Index(['commodity', 'year', 'production_Moz'], dtype='object')

In [17]:
df.index #standard index

RangeIndex(start=0, stop=4, step=1)

In [18]:
df.index=([4,5,6,7])
df

Unnamed: 0,commodity,year,production_Moz
4,Gold,2013,107.6
5,Gold,2014,109.7
6,Silver,2014,868.3
7,Silver,2015,886.7


In [None]:
df.index #custom integer index

- The index may be set using the method `set_index`, as follows:

In [None]:
df=df.set_index('commodity')
df

In [None]:
df.index #custom string index

In [None]:
#floats can also be an index
df.set_index('production_Moz').index 

In [None]:
df

In [None]:
df['year'] #this yields a pandas series

In [None]:
df[['year']] #this yields a pandas data frame

- The dataframe can restore the original index using the mathod `reset_index`, as follows:

In [None]:
df = df.reset_index()
df

- A data frame can also be created with a nested list.
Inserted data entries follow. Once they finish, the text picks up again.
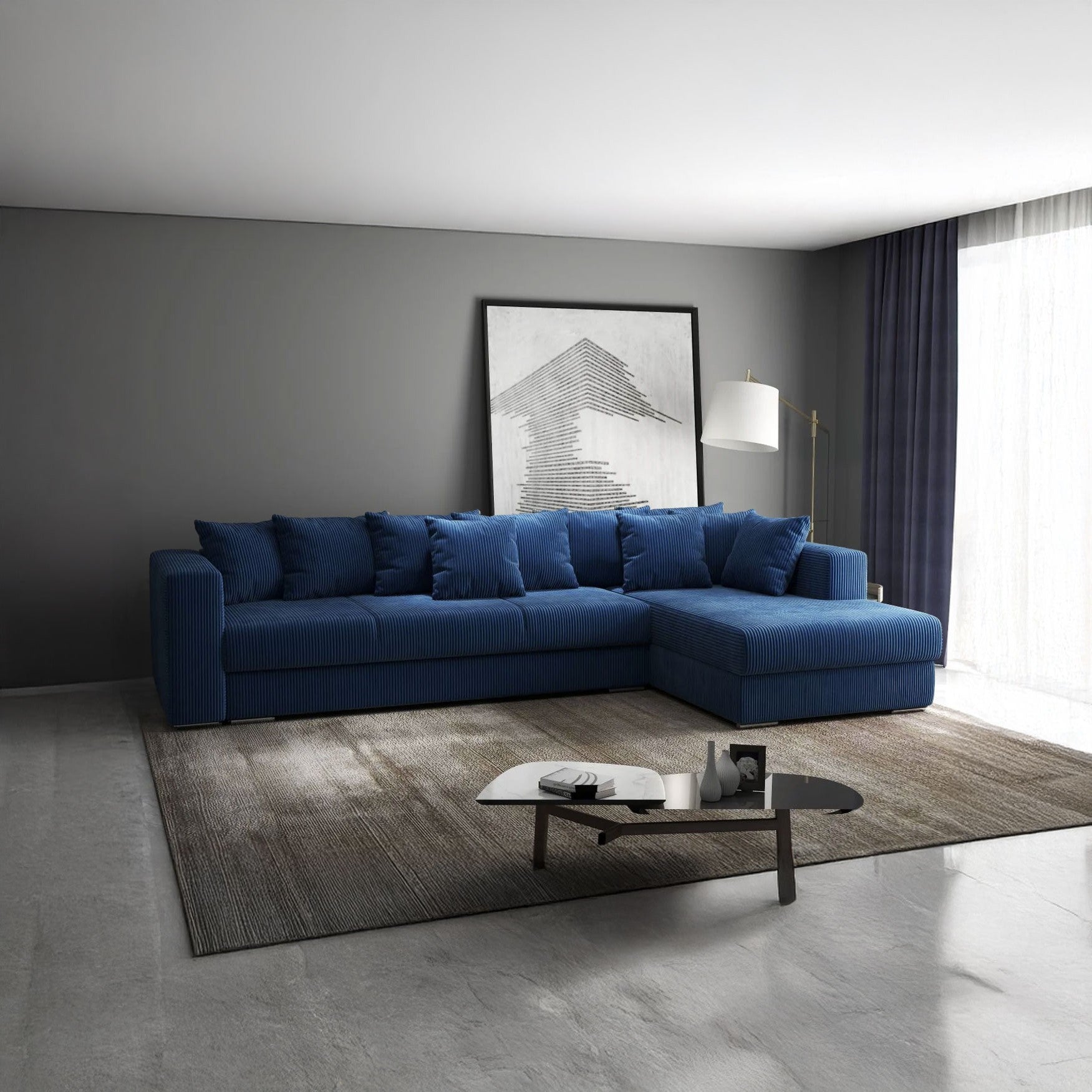 Colțar extensibil dumonde cu ladă de depozitare si sezut confortabil din spuma HR, Gloria Bleumarin Zoom 320x183 cm Fabrica
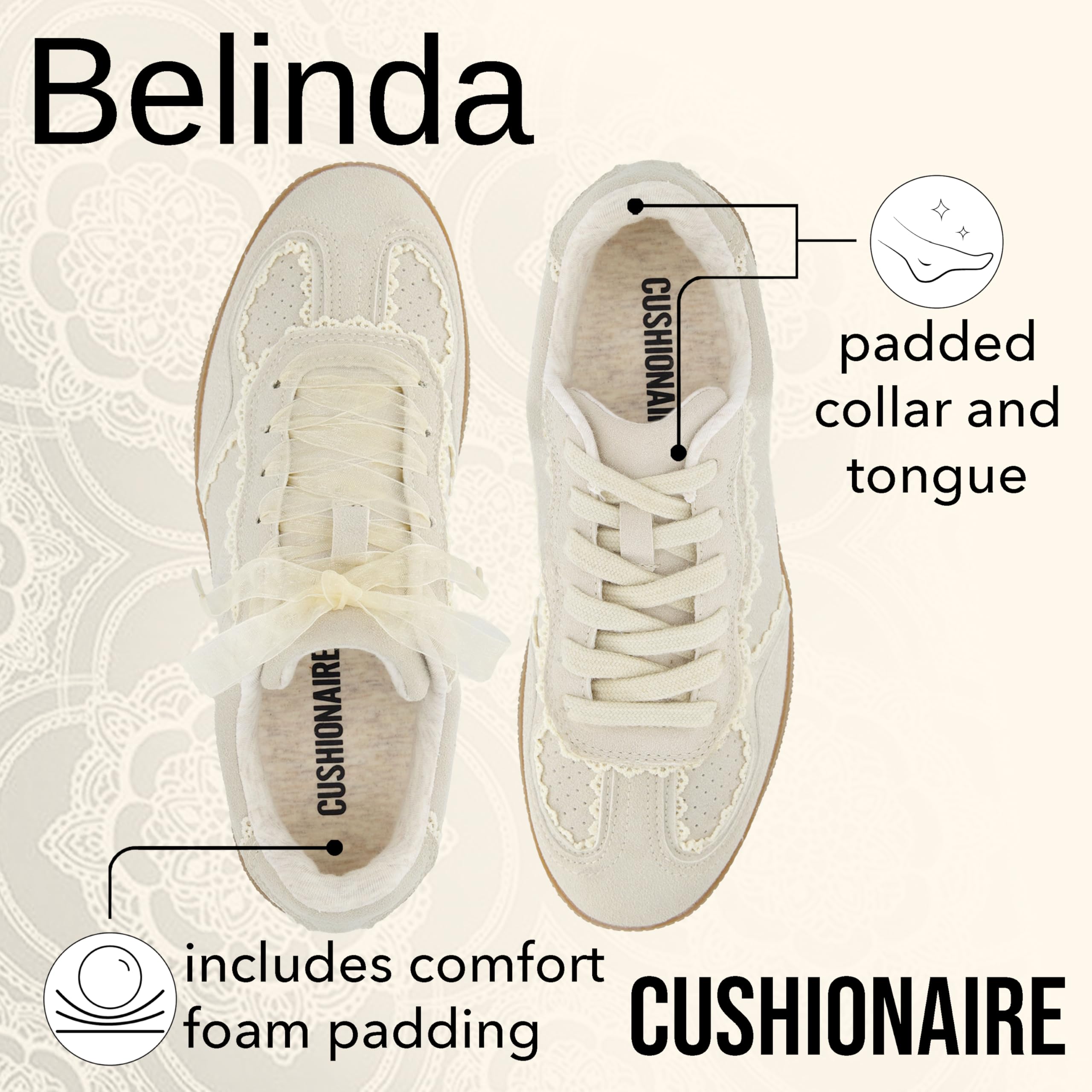 Women's Lace Detail Casual Sneakers â€?Elegant Ribbon Lace-Up Shoes with Memory Foam
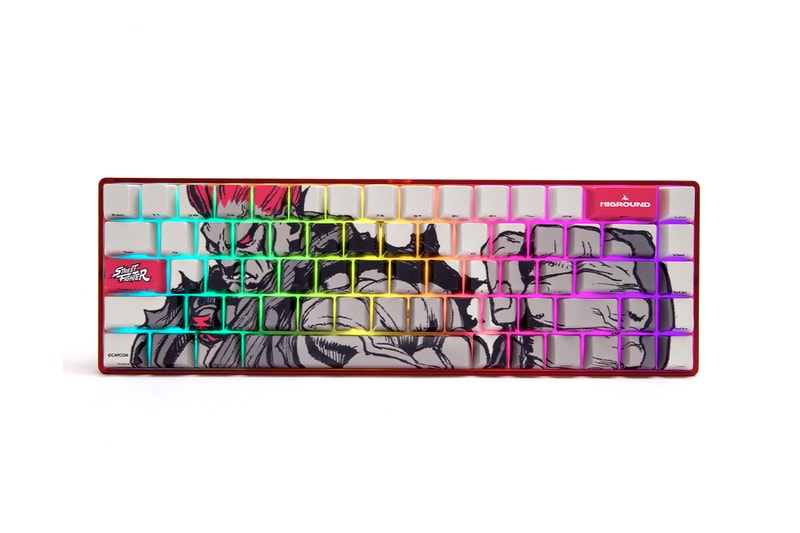 Higround Street Fighter basecamp 65 keyboard keycaps mouspad jellybag apparel Collaboration fighting game april 19 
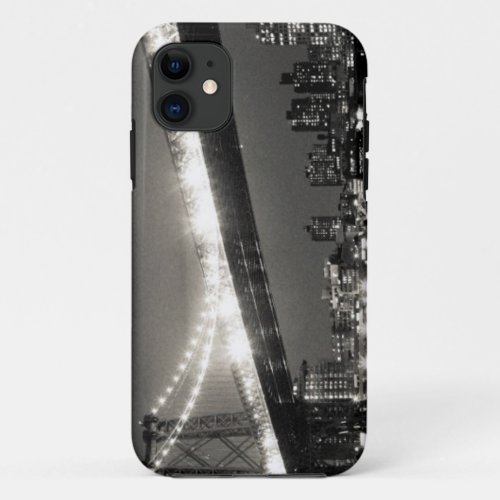 Williamsburg bridge in New York City at night iPhone 11 Case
The two ways are equivalent.

In [None]:
df_2=pd.DataFrame([[107.6, 'Gold', 2013],
                   [109.7, 'Gold', 2014],
                   [868.3, 'Silver', 2014],
                   [886.7, 'Silver', 2015]], 
                    columns=['production_Moz','commodity','year'])
df_2

- A data frame has an attribute **values**, which is of the multidimensional array type.

In [None]:
print(type(df.values))

In [None]:
print(df.values)
print('-'*55)
print(df_2.values)

- data frame v.s. series is similar to 2D array v.s. 1D array. A data frame has column names for the added dimension.

In [None]:
print(type(df.columns))

In [None]:
print(df.columns)  # column name

In [None]:
df.columns.tolist()

- Each column in a DataFrame can be retrieved as a Series. 
- There are two ways to get the column: to retrieve by attribute and to retrieve by dictionary-like notation.

In [None]:
df.year         # retrieve by attribute

In [None]:
df['year']  # retrieve by dictionary-like notation

- The name of an individual column may be changed as follows:

In [None]:
df.columns=['commodity', 'com','production']
df

In [None]:
df.columns = df.columns.str.replace('com','metal')
df

- Indexing a pandas data frame is similar to indexing a numpy array. In pandas the first index retrieves a column and the second index retrieves the row.  
- To return the third element of the metal column, use the following:

In [None]:
df['metal'][2]

- Slicing a pandas data frame is also similar to slicing a numpy array.  The following code returns the second and third elements of the production column.

In [None]:
df['production'][1:3]

- In order to slice multiple columns pass a list of column names.  The following represents the world production of gold and silver in 2014.

In [None]:
df[['metal','production']][1:3]

** Exercise 1** 

Create a Pandas DataFrame, named 'NYC', whose columns are 'boro', 'pop' and 'area'. The frame represents the five boroughs of New York City, including the 2010 census population (in millions),and land area in square miles.  The rows represent the following:

- The Bronx is 42 square miles.  In the 2010 census, the Bronx had 1.39 million people.
- Manhattan, with 2010 population 1.59 million, has an area of 23 square miles.
- Brooklyn is 71 square miles.  The 2010 population was 2.47 million.
- In 2010, Staten Island had 0.44 million inhabitants.  It is 59 square miles.
- 2.23 million people lived across the 109 square miles of Queens, in 2010.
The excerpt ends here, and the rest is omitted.